Come detto in principio, Frequency è un concept. Secondo me la vera marcia in più rispetto alla forma suonata. Per non essere troppo prolisso sulla questione, mi limito a riportare i tratti principali del racconto, pari pari a quanto appreso dal press-kit [che chi mi legge (chi mi legge?) sa che sfogliarli è il mio più grande divertimento, ovviamente dopo l’ascolto dei dischi]. In tal modo, mentre si ascolta l’album, è possibile figurare gli interpreti dietro le note: “Grey è il protagonista di un viaggio immaginario che lo vedrà via via liberarsi dai condizionamenti del mondo del Silenzio grazie all’amore per la musica (rappresentata dalla ribelle Queen) e al coraggio infuso da un leader folle, visionario e carismatico (Anthem), che incontrerà sulla sua strada e che gli ricorderà l’importanza di godere a pieno di ogni momento, di ogni respiro.”

Aggiungo che, pur non essendo di fronte alla Aida del buon “Peppino nazionale”, è un lavoro fatto con criterio e giuste idee. Vale la pena recuperare i testi per leggerli, qualora fosse necessario. Un album che si incastra in pochi punti, che è possibile fruirne d’un fiato senza farsi venire tante angosce. La forma improntata sull’orecchiabilità e la melodia abbastanza accentuata funziona a meraviglia, e questo non è punibile con alcuna critica (anche se legittima).

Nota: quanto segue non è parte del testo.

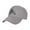 Gray, variant on Dirt Bike Sandwich Cap Unisex Adjustable Adult Baseball Caps Casquette Hats Flat Cap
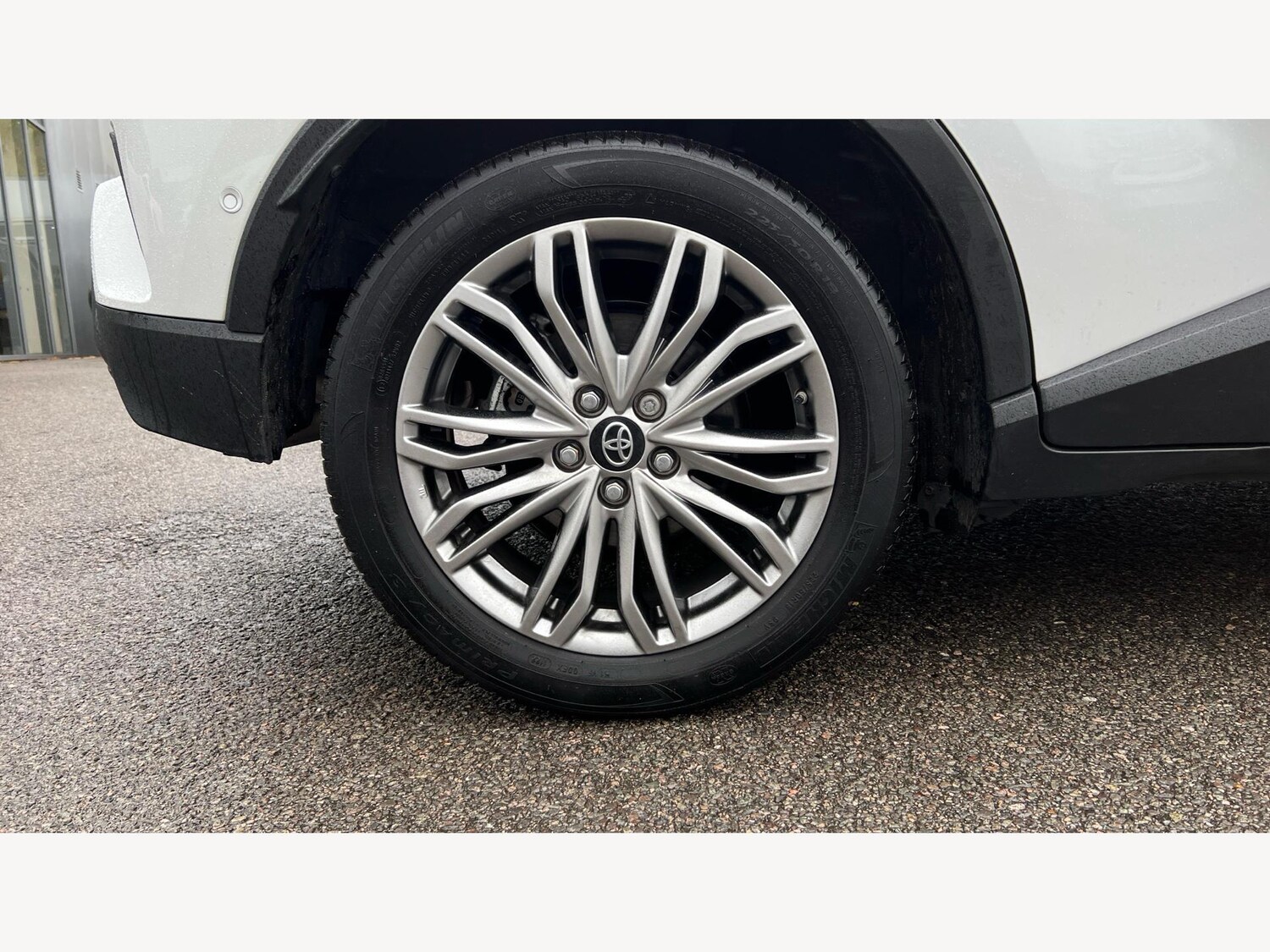 Used Toyota C-HR 2022 for sale - 77074647: Photo 20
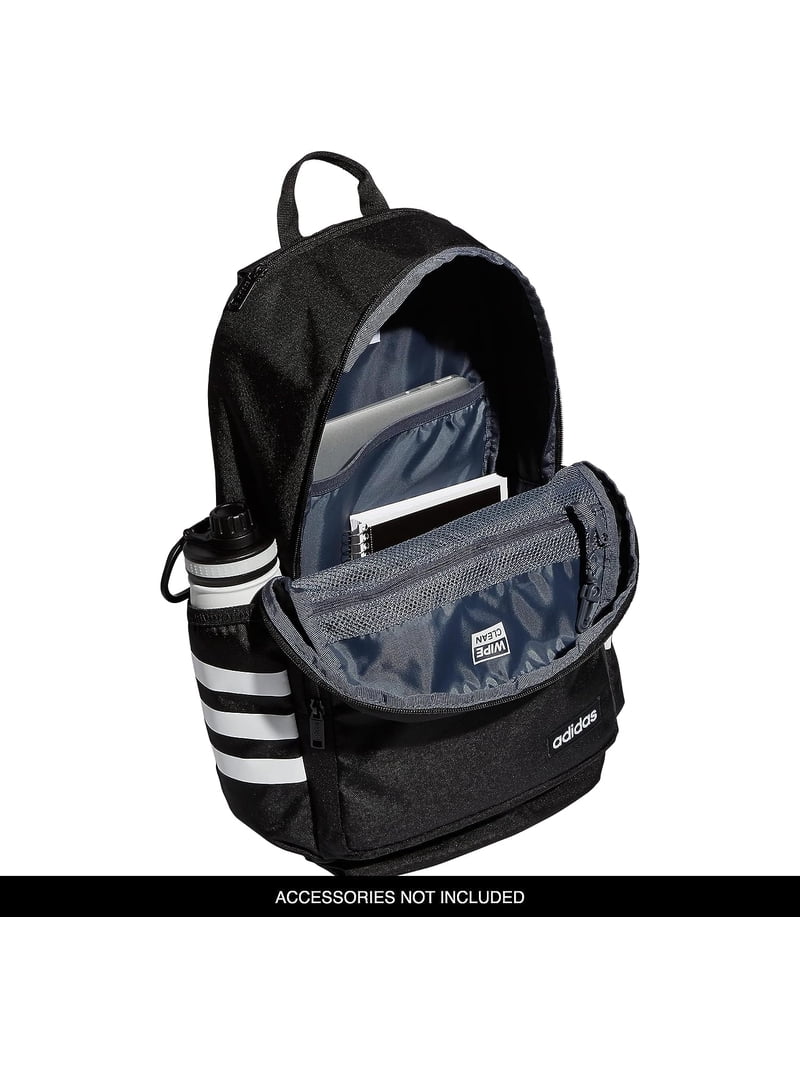 adidas classic 3s iv backpack Stadium 4 Made with recycled content this school backpack promotes sustainability as part of adidass ambition to end plastic waste. Adidas Classic 3S Bookbag for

La classica “schitarrata” in funzione di un concetto più profondo è ben oliata e l’ingranaggio va che è un piacere. Avrei voluto avere più parole da spendere anche per la sessione di basso ma, sia la concezione guitar-oriented dello strumento che la momentanea impossibilità di usufruire di un supporto audio all’altezza, non me l’hanno permesso. Sulla fiducia ti dico, caro bassista: “vai amico mio, in questo caso non bisogna essere un Billy Sheehan”. Con affetto, s’intende.

 I Downflyers sono 

Fede (Chitarra e voce) | Matteo  (Basso e voce) | Luca (Batteria) | Michele (Chitarra ed elettronica)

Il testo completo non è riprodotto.